EXERCISE
The answer must consist of every line from the data that holds the string "Toyota".
-- DATA FOR THIS EXERCISE follows --
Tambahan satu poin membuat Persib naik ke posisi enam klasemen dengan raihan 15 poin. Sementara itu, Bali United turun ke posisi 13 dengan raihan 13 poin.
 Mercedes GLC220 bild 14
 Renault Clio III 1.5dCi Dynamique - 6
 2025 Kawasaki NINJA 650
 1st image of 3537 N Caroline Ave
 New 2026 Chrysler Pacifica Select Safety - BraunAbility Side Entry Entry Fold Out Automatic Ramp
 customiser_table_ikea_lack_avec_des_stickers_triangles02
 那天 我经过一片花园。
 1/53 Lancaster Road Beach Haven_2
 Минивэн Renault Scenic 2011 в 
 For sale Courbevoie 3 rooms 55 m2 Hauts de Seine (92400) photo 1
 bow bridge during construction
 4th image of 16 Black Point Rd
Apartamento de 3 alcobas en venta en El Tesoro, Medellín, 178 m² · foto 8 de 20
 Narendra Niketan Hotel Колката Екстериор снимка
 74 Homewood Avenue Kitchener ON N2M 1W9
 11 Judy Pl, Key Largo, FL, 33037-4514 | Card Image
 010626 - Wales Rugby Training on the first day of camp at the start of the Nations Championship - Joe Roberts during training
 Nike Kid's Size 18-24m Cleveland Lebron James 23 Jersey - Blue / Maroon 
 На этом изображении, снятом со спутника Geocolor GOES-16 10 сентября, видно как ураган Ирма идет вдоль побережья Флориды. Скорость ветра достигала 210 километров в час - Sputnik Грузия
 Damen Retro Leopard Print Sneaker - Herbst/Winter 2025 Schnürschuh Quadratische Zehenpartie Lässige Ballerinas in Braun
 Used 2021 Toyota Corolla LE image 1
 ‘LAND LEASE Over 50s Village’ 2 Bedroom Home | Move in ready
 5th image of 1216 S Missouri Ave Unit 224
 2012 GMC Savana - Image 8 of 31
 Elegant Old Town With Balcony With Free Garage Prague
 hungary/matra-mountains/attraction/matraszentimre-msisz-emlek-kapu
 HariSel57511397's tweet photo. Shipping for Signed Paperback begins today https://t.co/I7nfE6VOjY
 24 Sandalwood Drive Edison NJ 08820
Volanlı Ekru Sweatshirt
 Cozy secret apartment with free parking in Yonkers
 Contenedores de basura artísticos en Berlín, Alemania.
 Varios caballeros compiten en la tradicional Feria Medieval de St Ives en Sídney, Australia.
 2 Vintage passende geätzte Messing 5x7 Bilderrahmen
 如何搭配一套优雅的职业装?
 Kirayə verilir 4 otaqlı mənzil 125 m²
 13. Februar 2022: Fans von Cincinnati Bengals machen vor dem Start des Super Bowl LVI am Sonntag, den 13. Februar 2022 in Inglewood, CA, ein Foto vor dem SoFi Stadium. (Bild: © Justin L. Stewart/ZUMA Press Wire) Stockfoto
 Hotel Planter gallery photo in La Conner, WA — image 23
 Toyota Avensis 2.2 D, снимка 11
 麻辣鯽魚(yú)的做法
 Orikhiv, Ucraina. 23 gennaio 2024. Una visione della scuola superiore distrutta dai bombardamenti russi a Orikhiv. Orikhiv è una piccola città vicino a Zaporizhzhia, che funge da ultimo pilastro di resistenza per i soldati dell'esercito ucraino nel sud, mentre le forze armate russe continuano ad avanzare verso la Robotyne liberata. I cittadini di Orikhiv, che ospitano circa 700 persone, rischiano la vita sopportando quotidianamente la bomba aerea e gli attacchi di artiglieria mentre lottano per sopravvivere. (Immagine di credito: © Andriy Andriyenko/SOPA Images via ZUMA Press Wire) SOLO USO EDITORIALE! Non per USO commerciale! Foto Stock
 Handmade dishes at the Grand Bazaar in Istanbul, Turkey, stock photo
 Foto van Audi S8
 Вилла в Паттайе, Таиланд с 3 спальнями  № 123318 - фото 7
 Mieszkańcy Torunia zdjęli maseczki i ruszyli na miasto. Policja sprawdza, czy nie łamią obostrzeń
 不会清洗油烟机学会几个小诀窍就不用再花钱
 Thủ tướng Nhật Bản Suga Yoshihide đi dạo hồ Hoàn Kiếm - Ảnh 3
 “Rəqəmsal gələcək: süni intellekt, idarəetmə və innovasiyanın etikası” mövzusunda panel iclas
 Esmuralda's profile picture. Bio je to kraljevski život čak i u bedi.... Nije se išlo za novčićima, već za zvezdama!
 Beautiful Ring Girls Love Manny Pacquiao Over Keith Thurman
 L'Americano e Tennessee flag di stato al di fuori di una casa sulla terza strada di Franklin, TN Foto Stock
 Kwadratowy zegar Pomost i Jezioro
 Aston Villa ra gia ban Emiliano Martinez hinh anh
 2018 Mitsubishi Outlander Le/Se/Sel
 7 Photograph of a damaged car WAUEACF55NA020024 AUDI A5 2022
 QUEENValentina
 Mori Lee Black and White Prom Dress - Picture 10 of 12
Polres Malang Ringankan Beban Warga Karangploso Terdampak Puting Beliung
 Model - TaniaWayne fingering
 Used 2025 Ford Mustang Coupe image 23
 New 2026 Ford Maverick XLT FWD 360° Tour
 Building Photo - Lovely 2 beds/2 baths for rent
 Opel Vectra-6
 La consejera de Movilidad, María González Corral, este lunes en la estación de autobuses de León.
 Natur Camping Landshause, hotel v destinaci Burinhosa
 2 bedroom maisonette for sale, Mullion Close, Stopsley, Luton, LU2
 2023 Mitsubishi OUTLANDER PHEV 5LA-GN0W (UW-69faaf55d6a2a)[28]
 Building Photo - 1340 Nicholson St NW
-- DATA FOR THIS EXERCISE concluded --
ANSWER TO THE EXERCISE
 Used 2021 Toyota Corolla LE image 1
 Toyota Avensis 2.2 D, снимка 11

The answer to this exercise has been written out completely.